• Material for this exercise:
*** Block opens ***

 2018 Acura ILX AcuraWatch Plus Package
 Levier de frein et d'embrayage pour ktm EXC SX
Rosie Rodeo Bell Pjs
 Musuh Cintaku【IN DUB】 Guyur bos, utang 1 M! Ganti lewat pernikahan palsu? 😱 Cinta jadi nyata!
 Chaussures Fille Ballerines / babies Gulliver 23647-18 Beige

*** Block closes ***
*** Block opens ***

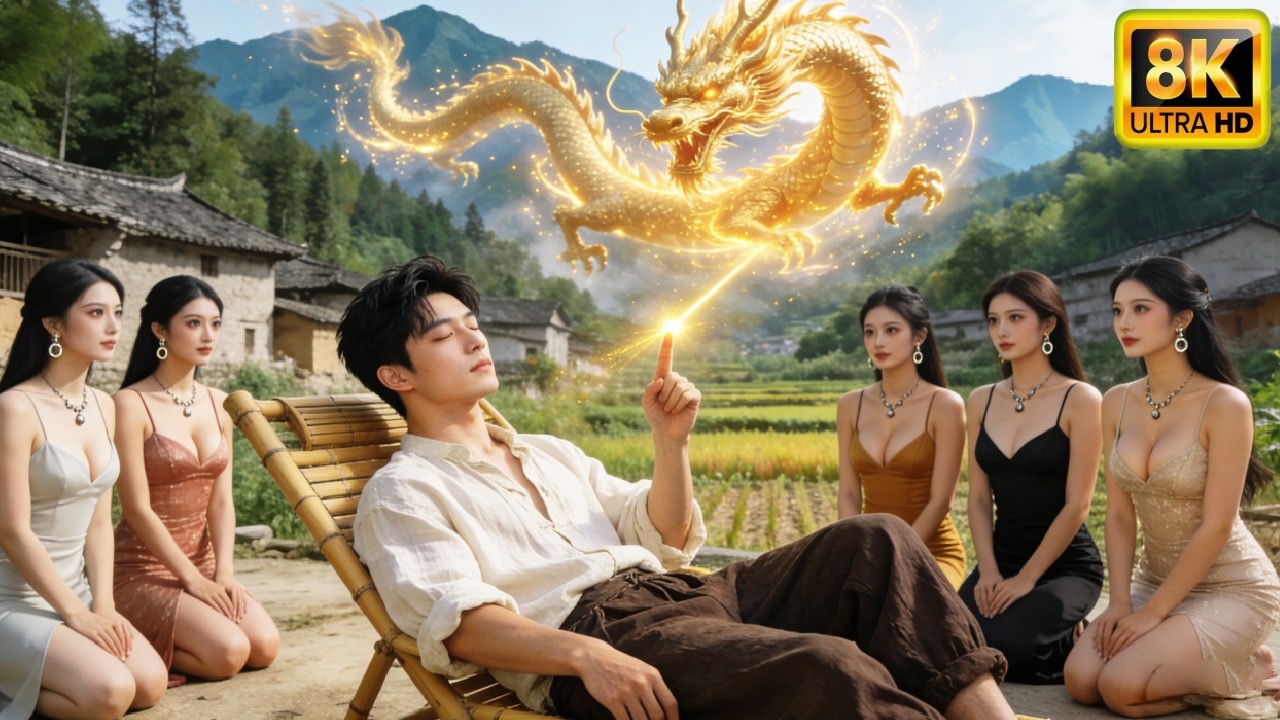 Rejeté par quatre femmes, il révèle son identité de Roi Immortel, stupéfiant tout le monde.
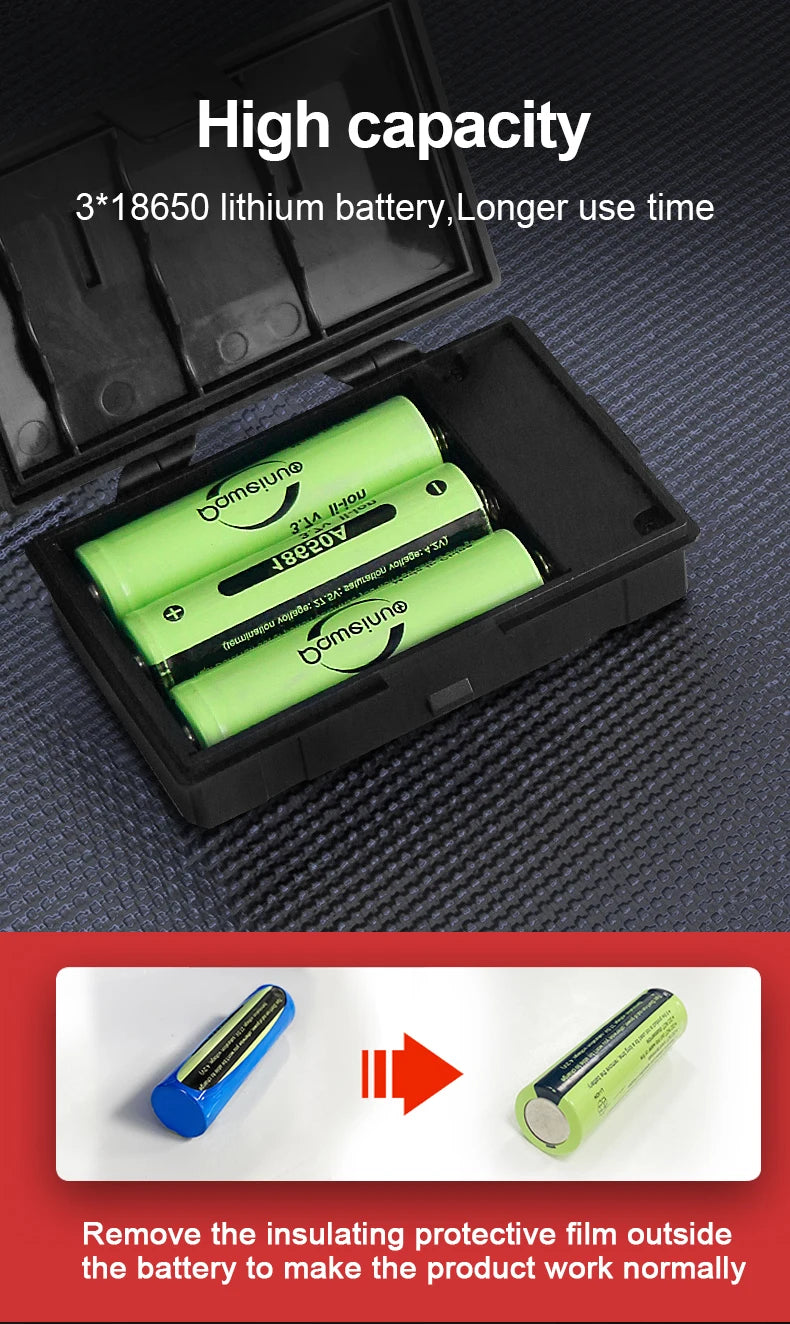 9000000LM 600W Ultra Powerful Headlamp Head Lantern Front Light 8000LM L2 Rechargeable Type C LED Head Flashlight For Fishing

*** Block closes ***

Print only what lies in the material above starting at the line with "Musuh Cintaku【IN DUB】" and ending at the line with "Chaussures Fille Ballerines", every line exactly as given.

 Musuh Cintaku【IN DUB】 Guyur bos, utang 1 M! Ganti lewat pernikahan palsu? 😱 Cinta jadi nyata!
 Chaussures Fille Ballerines / babies Gulliver 23647-18 Beige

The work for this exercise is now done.